This vacancy has now expired. Please click here to view live vacancies.

ICON has an opportunity for a Study Support Assistant (SSA). Our Study Support Assistant's at ICON play a key role, independently assisting the team to ensure the most effective and efficient study start up, by providing administrative and tracking support.
Study Support Assistant role within ICON
  • As a SSA, you will support the Study Start up Associate with tasks including; tracking, filling, collating and verifying, for completeness, submission documentation for submission to the Regulatory/Competent Authority (CA)/Ethics Committee(EC) and other relevant authorities and assisting in the translation of these documents
  • Assist the team with submission progress tracking by updating the relevant ICON/Sponsor tracking system.
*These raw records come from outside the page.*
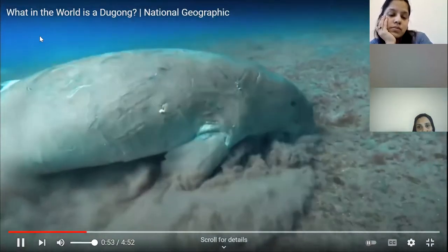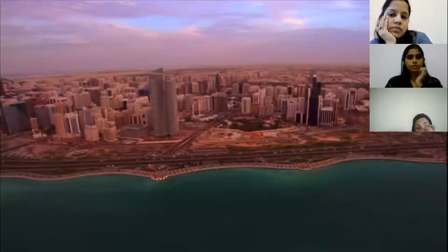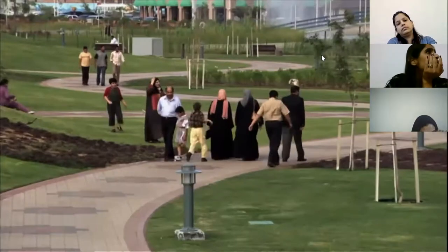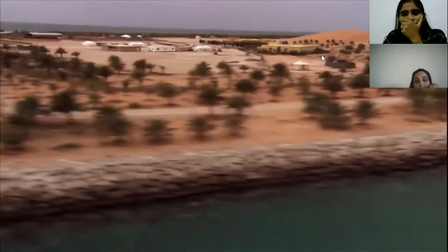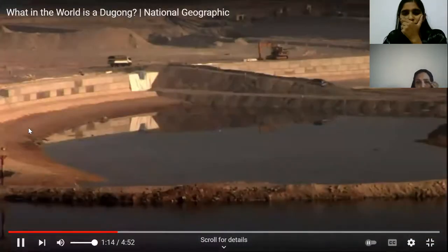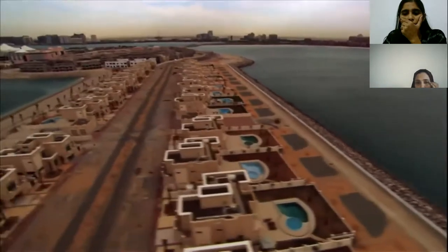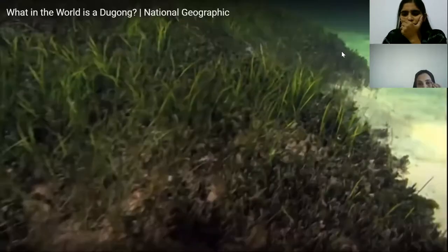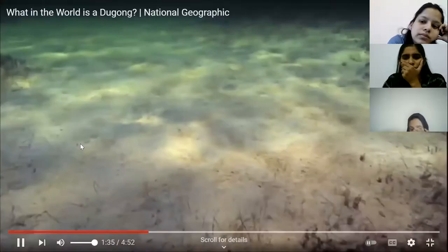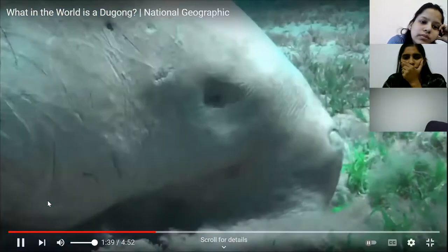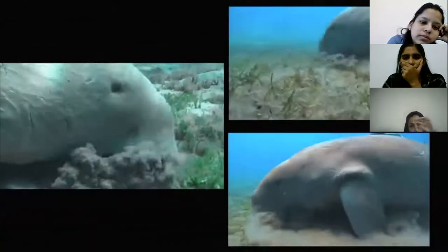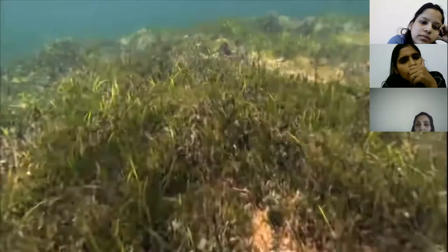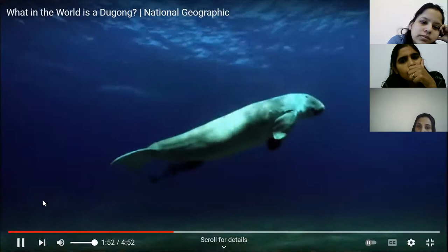The video continues: conservationists are worried as dugongs share the coastline with Abu Dhabi, where over a million people live and the population swells by 50,000 each year. New construction drives back the sea; dredging and building leach silt into the gulf, choking corals and smothering the seagrass that is the dugongs' food supply.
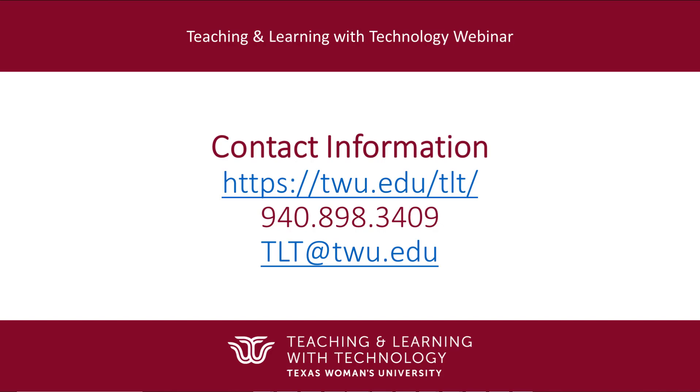Be sure to contact your instructional designer in Teaching and Learning with Technology should you need any additional resources.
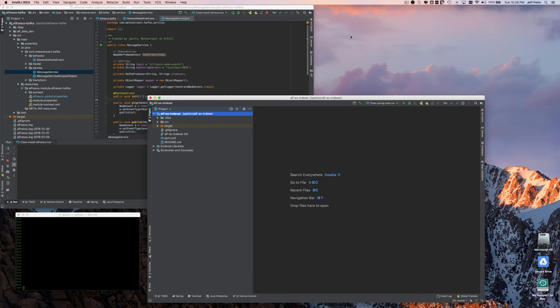This is a demo of Alfresco Kafka, an add-on to Alfresco which generates Kafka events when something happens to a node: create, update, or delete.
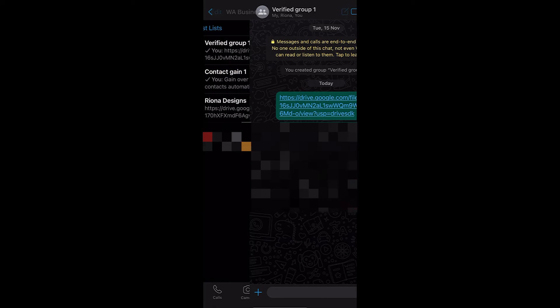The second part is for iPhone users where somebody else has already created the VCF file and you want to click on it and gain the contacts yourself. This confuses a lot of people, so here is how to go about it.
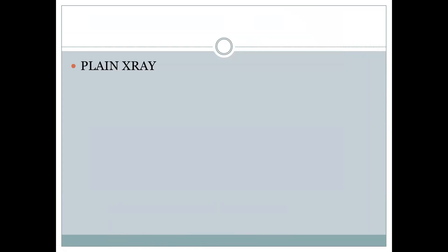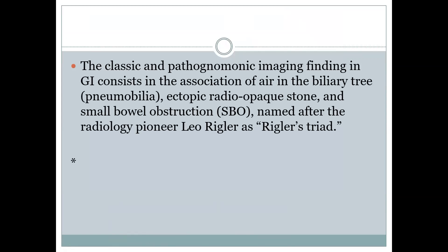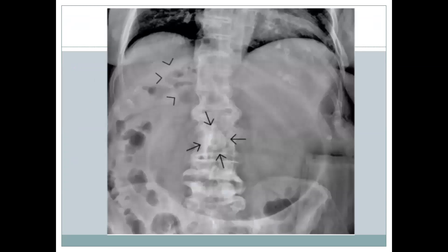Now I will discuss some findings seen on a plain abdominal X-ray. What we look for is known as Rigler's triad, which consists of air in the biliary tree, an ectopic radiopaque stone, and features of small bowel obstruction.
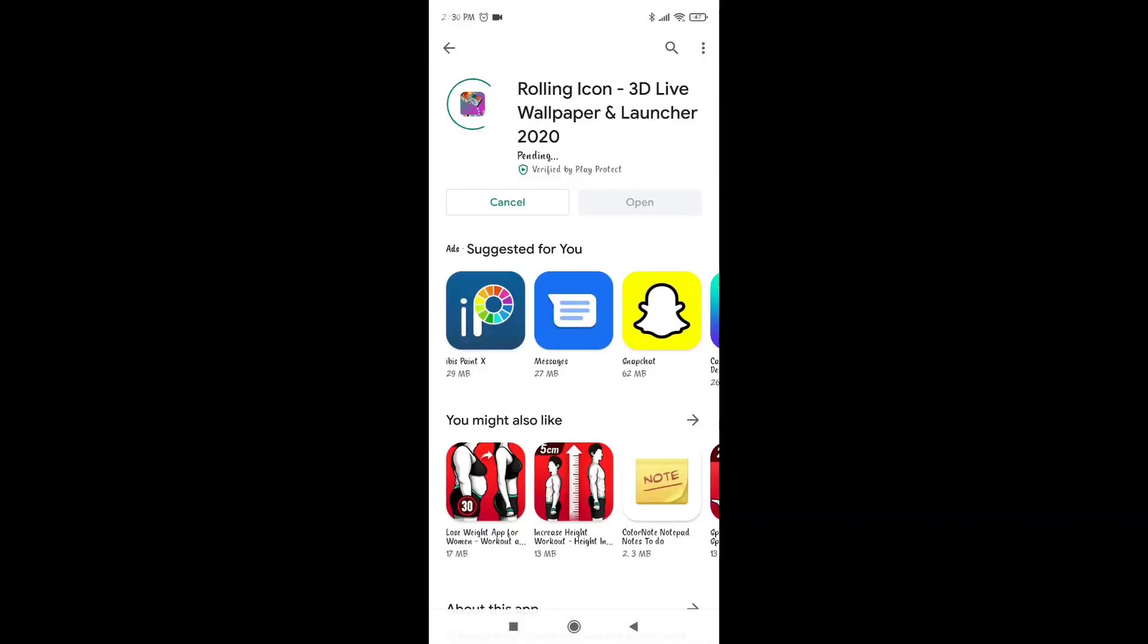This is the preview of the app. Now we are going to install it. As you can see, the download size is 6-7MB.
Be competent with ICON/Sponsor Clinical Trial Management System (CTMS).
  • Set, up, organize and maintain department electronic filing systems. Organize and attend meetings as requested and assist in the production of slides, overheads etc as needed
  • Assist in the co-ordination of payments to CA/EC and other relevant authorities and be familiar with ICH GCP and relevant ICON SOPs
Role Profile
  • The successful candidate will have a high school diploma, or local equivalent with good organizational skills and the ability to manage multiple tasks with meticulous attention to detail
  • Research or Healthcare related academic or work experience would be preferable but not essential
  • Good written and spoken English required for country assignments

Benefits of Working in ICON :

Other than working with a great team of smart and energetic people, we also offer a very competitive benefits package. This varies from country to country so a dedicated recruiter will discuss this with you at interview stage.

We care about our people as they are the key to our success. We provide an open and friendly work environment where we empower people and provide them with opportunities to develop their long term career.

ICON is an equal opportunity employer - M/F/D/V and committed to providing a workplace free of any discrimination or harassment.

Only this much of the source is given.